Taking questions at a press conference, Mr Ban reiterated that there was a huge difference between now and the situation he had encountered during his last visit in 2009, shortly after the defeat of the Liberation Tigers of Tamil Eelam. He said this change had been effected with the active involvement of the international community, particularly the United Nations through the Human Rights Council.

“That means you are receiving recognition and appreciation, unlike in the past,” he said. “It had been rather difficult sometimes, even for me, to talk with the Government leadership. There was some gap between expectations of the international community and the level of what the Government had been doing.”

Mr Ban said that during this visit he had spoken with and given honest advice to President Maithripala Sirisena and Prime Minister Ranil Wickremesinghe. “You have to address so many difficult economic and social issues,” he said. “There is so much honest desire by people to promote reconciliation and constitutional reform.”

“Reconciliation may take a longer time than one may expect,” he admitted. “But that does not mean that you have to take as long as you want.”

The UN Secretary-General pointedly evaded a direct question on whether there was a presumption on his part that war crimes had been committed at the end of the war in 2009. He rejected that the UN had double standards. And he supplied a convoluted reply to a query about what he felt regarding Sri Lanka’s position that there will be no international judges in any war crimes court that is set up.

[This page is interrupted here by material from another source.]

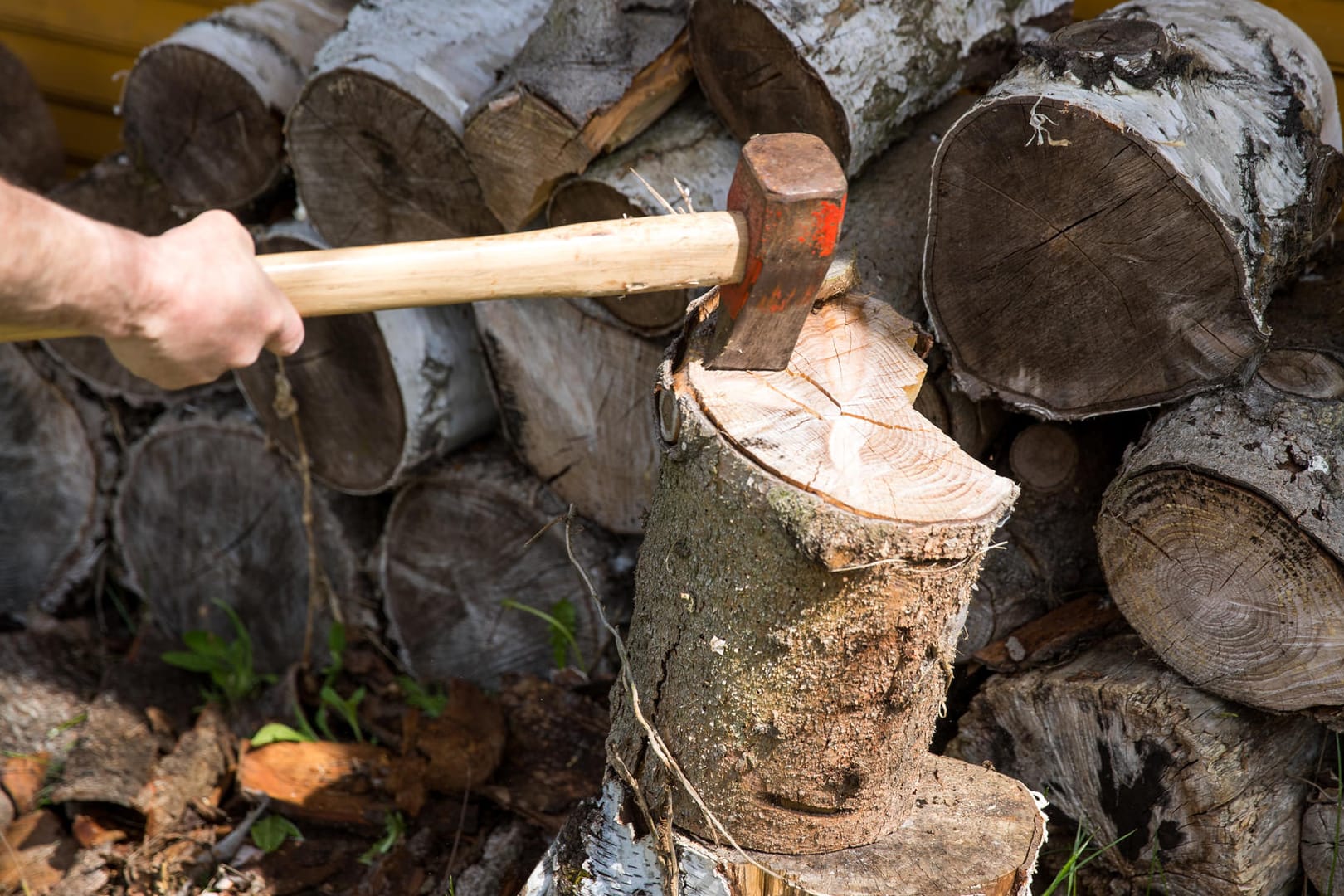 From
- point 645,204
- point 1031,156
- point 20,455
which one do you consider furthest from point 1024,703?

Sri Lanka will have to work together with the international community and the United Nations on a transitional justice mechanism, he elaborated, before launching into practised jargon about credibility. This body, he said, “should be credible both nationally and internationally...it should be credible to both your concerns and international concerns”.

Just four journalists were permitted to ask questions during the 30-minute press conference. Mr Ban started the briefing with a prepared statement. In it, he commended Sri Lanka’s “bold decision to face the past and deal with the legacies of conflict”.

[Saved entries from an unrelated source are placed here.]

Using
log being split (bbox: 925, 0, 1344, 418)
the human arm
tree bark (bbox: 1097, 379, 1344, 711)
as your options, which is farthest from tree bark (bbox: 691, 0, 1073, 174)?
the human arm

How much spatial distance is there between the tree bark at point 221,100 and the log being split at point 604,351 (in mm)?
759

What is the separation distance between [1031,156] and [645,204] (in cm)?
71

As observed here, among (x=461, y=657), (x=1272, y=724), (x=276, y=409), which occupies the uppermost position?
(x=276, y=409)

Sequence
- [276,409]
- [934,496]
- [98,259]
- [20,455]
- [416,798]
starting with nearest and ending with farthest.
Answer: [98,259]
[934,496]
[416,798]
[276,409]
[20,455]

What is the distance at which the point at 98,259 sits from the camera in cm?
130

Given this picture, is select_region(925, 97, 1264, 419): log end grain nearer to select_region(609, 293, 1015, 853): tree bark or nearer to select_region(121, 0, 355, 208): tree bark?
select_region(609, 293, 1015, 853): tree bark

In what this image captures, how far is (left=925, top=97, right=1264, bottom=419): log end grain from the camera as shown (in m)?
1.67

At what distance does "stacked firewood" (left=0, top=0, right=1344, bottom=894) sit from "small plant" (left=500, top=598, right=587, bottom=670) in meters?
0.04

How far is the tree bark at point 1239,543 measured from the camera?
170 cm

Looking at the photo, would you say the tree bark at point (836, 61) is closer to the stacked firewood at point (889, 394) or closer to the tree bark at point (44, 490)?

“The United Nations has also had to address the legacy of its actions in Sri Lanka, which did not meet the expectations of the people and the world,” he read out. “We reviewed our involvement in the terrible events of that time and continue to take steps to ensure that human rights are at the centre of all our decision-making.”

“Reconciliation will not be accomplished overnight,” he said. “It is a complex process that requires continuous nurturing. Reconciliation asks all of you to do something almost unimaginable. It asks you to overcome all the harm done, the torture, the murders and extrajudicial executions, the suicide bombings, the disappearances and forced recruitments, the suffering and violence – to transcend your grief and your pain.”

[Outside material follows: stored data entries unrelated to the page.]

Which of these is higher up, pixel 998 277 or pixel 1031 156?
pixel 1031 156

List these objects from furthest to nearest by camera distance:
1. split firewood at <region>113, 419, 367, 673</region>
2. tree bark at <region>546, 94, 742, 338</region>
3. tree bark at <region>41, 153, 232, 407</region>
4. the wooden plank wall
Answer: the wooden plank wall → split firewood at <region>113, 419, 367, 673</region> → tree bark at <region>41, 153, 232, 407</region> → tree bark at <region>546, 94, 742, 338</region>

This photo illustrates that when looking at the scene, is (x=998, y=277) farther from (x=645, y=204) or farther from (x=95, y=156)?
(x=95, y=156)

“It asks you to overcome – but not to forget – the loss of your loved ones,” he continued. “It calls on you to try to heal the wounds and begin to see each other as people, as part of the same country and same human family. Profound transformations in democratic societies necessarily take time.”

“Victims cannot wait forever,” he said. “They deserve to have their voices heard. They deserve credible, transparent and solid transitional justice mechanisms.”